Three years ago, Earth systems scientist Johan Rockström and colleagues published “Planetary Boundaries” in the journal Nature, showing that human activity has pushed seven critical systems – biodiversity, temperature, ocean acidification, nitrogen and phosphorus cycles, land use, fresh water, and ozone depletion – near or beyond critical tipping points. Furthermore, the report cautions, natural system feedbacks drive additional change and endanger other limits.

This year, Nature published “Approaching a state shift in Earth’s biosphere,” by 22 international scientists led by bio-paleoecologist Anthony Barnosky from the University of California. The team warned that human activity is likely forcing a planetary-scale transition, far beyond simple global heating, “with the potential to transform Earth rapidly and irreversibly into a state unknown in human experience.” Averting a planetary ecological crisis, they warn, now requires unprecedented human effort. “In a nutshell,” said Canadian co-author, biologist Arne Mooers, “humans havenot done anything really important to stave off the worst. My colleagues … are terrified.”

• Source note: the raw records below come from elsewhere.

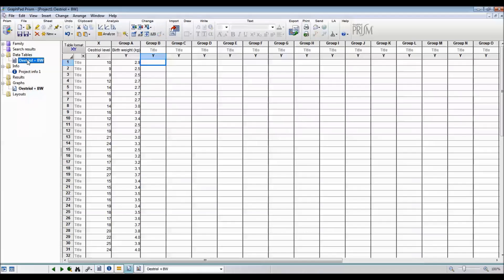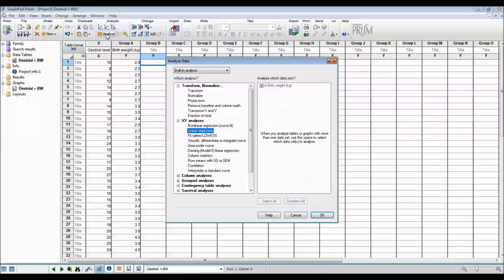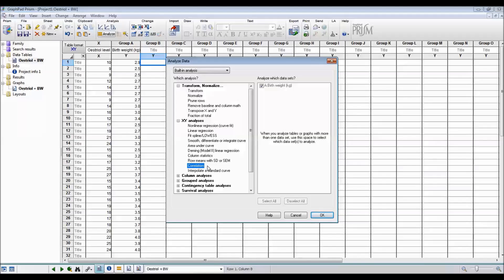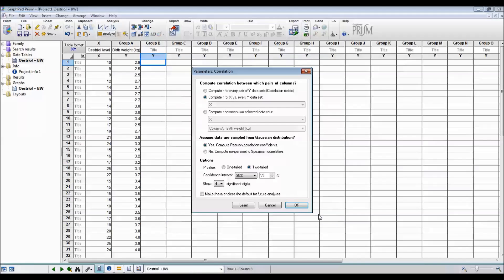The second thing that we're going to do is to look at correlation. So I go back to the data table. I hit Analyze. And I select correlation from underneath the XY analyses. And then I say OK. There aren't many options to choose from. And we only have one X and one Y variable. So computing R for X versus every Y data set is a reasonable thing to select.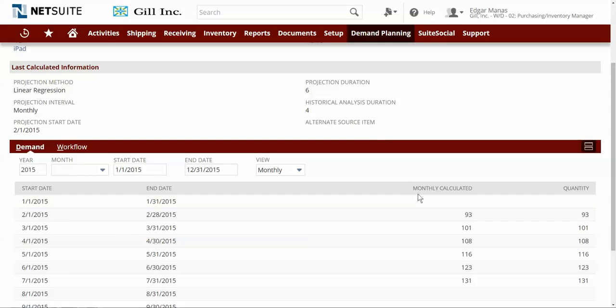Here we see the projected demand each month for the iPad, which does indicate a positive sales trend in the future, as we would have expected.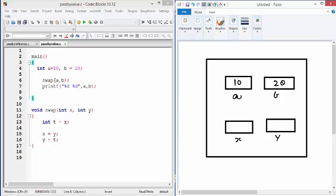It means the value of A is copied to X. So this is how you get A copied to X. And the value of B is copied to Y. So we get 20 here.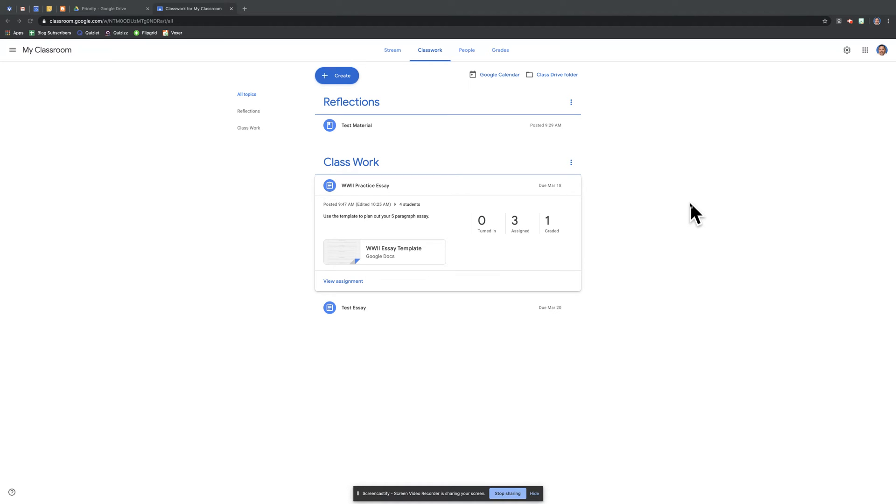In this video, we're going to take a look at how to create an assignment in Google Classroom and attaching Google Slides to the assignment.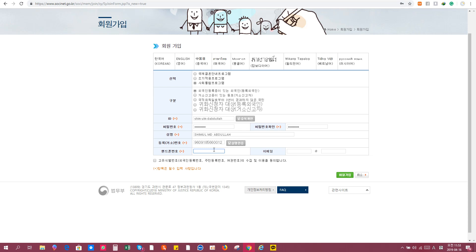I'll give you my phone number: 010. I'm going to show you number two.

In “the Way Forward” in Solutions Journal, William Rees, creator of “ecological footprint” analysis at the University of British Columbia, reminds readers: “Climate change is just one symptom of generalized human ecological dysfunction. A virtual tsunami of evidence suggests that the global community is living beyond its ecological means.” Rees shows that the human ecological impact (utilizing the production from 2.7 global hectares per person) annually overshoots Earth’s productive capacity (1.8 global hectares) by 50 percent. “The human enterprise has already overshot global carrying capacity,” says Rees, “and is living, in part, by depleting natural capital and overfilling waste sinks,” including Earth’s atmosphere. “Solutions,” writes Rees, require that we “rewrite global society’s cultural narrative” to replace a “culturally constructed economic growth fetish.”

Double bind

Former World Bank Senior Economist Herman Daly proposed an ecological economics in the age of Rachel Carson, and published Steady-State Economics forty years ago. In a recent essay,” Daly critiques the IBM notion to “build a ‘smarter planet’ – one that is ‘smart’ enough to obey our mindless command to keep growing.” Rather, Daly suggests, “Let’s make a smarter adaptation to the wonderful gift of the Earth, out of which we were created.”

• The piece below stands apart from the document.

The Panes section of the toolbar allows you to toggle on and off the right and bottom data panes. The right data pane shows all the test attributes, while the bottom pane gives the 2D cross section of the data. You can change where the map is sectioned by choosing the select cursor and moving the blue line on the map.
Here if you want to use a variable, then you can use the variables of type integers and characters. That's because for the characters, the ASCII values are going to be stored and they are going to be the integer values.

A decade ago the Business Council for Sustainable Development in Antwerp, Belgium, calculated: “Industrialised world reductions – in material throughput, energy use, and environmental degradation – of over 90% will be required by 2040 to meet the needs of a growing world population fairly within the planet’s ecological means.”

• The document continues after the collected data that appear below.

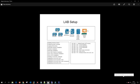In our last video we saw how to install Call Manager publisher. In this video we are going to install two subscribers: 151 and 152.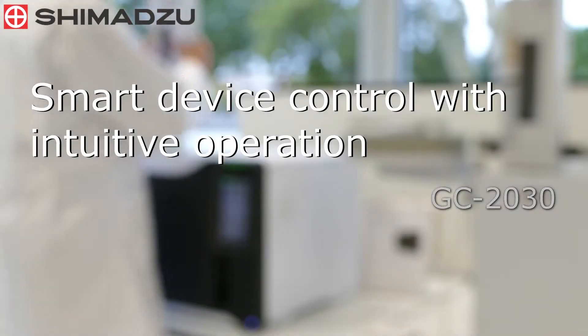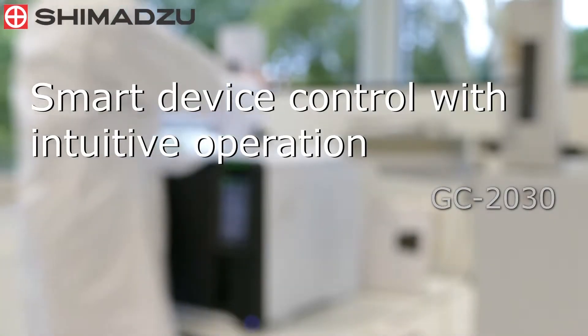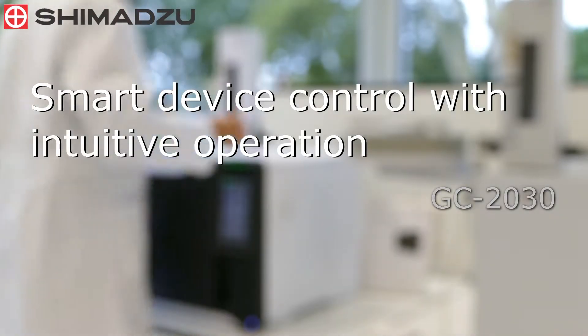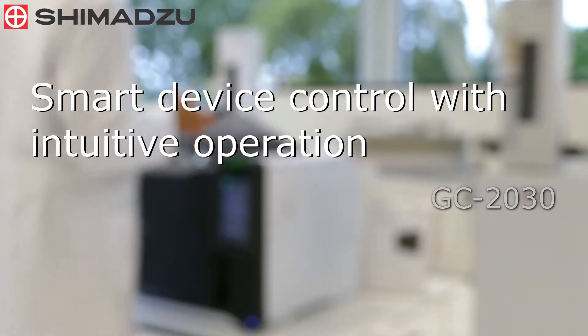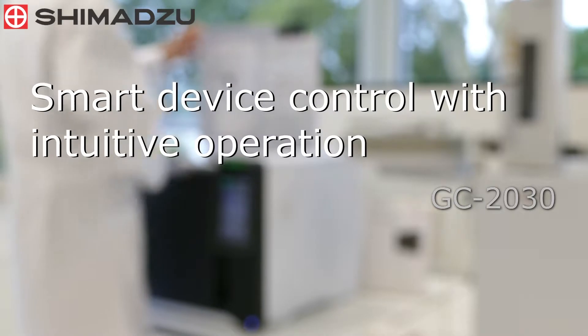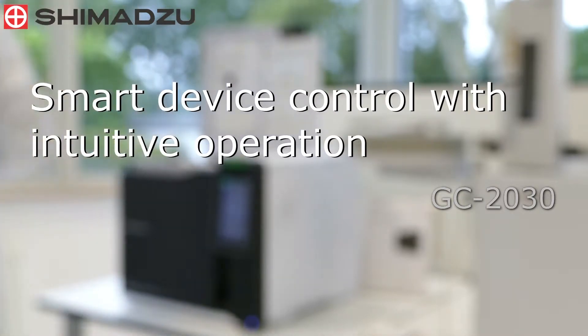The new lab solution software offers intuitive operation with an updated graphical interface. This can also be found on the touchscreen of the new Nexus GC2030.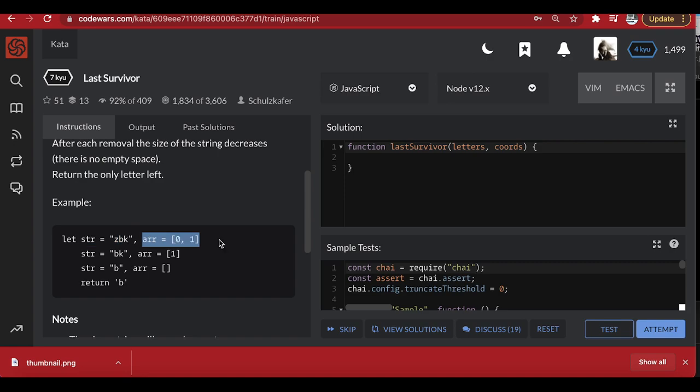We come to the array and go to the first element, which is zero. We go to the string and remove the element at index zero, which is 'z'. So we're left with 'bk'. When we remove 'z' we also remove zero from the array, leaving us with '1'. On the remaining string we go to index one, which is 'k', remove it, and this array is now empty — we're left with 'b'.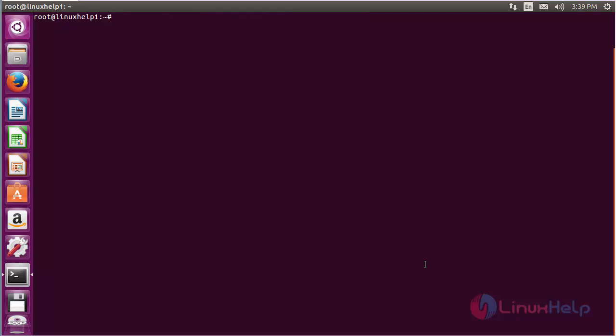For installing Sunflower on Ubuntu 16.04, first you need to add the repository. For that, command: add-apt-repository ppa:atareao/sunflower and press enter.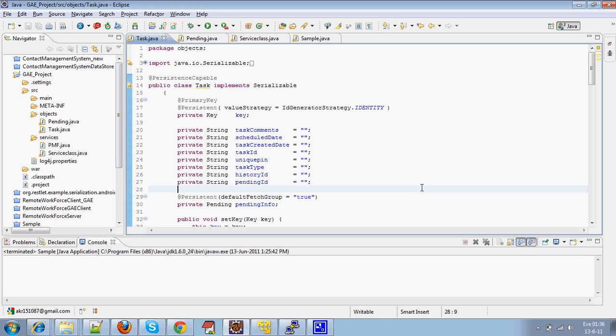Hi all, this is Anandakrishnan. Today I am going to demonstrate Owned Relationships of JDOs in Google App Engine. Before that, we need to know how to create a web application project using Google App Engine and deploy it, as well as how to use Reslet web services to communicate with cross domain URLs.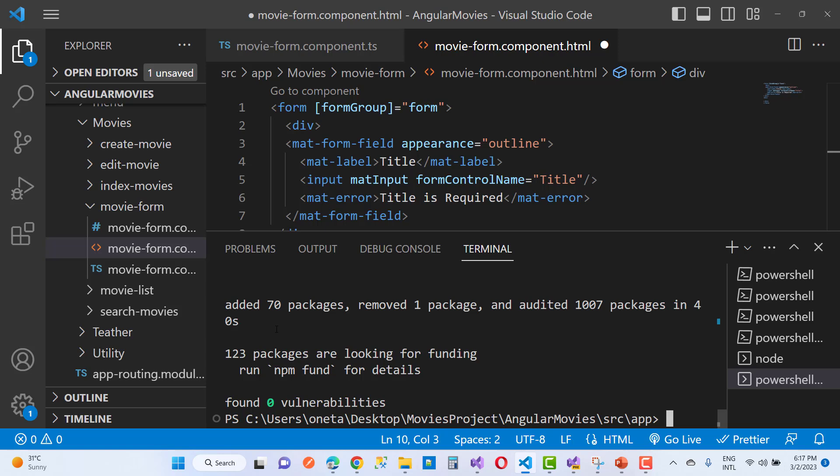So if you want to fix this type of npm error, I don't recommend this approach, but if you need to install it, you can do it this way. Thank you very much for watching.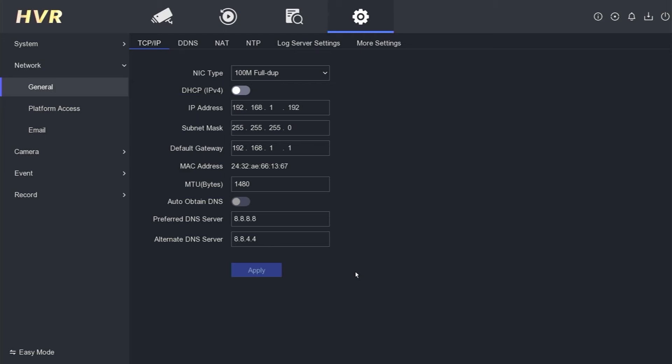That concludes the tutorial on how to set the Hikvision DVR static IP via the local GUI monitor.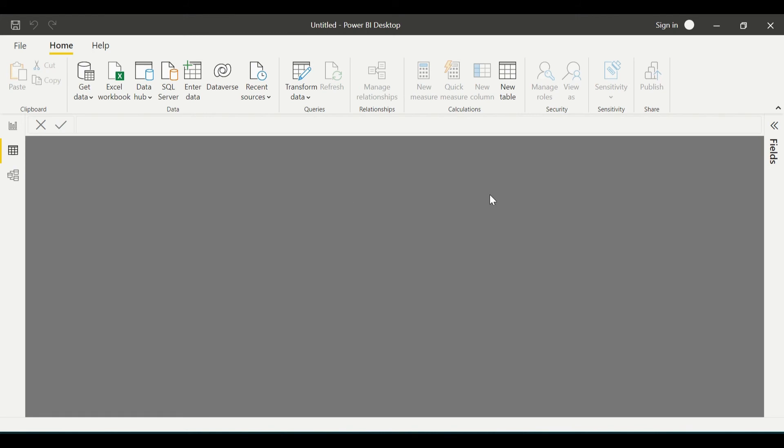Moving to the data tab, right now there is no data loaded, so you can see this blank. In upcoming sessions when we load the data, you will see it. This is where you will see the raw data and fields on which you are working. You can also add calculative columns and measures using expressions here.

Human enterprise finds itself in what ecologist and systems theory pioneer Gregory Bateson called a “double bind.” Our economic system demands growth, but Earth’s capacity requires restraint. If we shrink our economies, we face hardship, but if we keep growing, we face ecological collapse, a classic double bind. Bateson pointed out that when such an impasse occurs in nature, communities of organisms get creative, pulling options from the random, to evolve a radical new way of living. Those not up to the creative task, simply perish.

Whatever the environment community does at the next “summit,” it might as well be new and creative. Joining the charade won’t likely help. Perhaps it is time for a boycott or a counter-summit in a separate location, guided by indigenous leaders.  

Moving beyond hope to action is a good sign for our social movements. Hope is a useful frame of mind, but not a strategy. Systems ecologist Pille Bunnell, a professor at Royal Roads University in Canada, says hope must be activated: “Hope is a manner of living and acting in the present that does not foreclose the future we desire.”  Farmer-writer Wendell Berry takes up the question of appropriate hope in the poem “Sabbaths 2007”:

   hope must not depend on feeling good  ...  stop dithering.

   The young ask the old to hope. What will you tell them?

   Tell them at least what you say to yourself.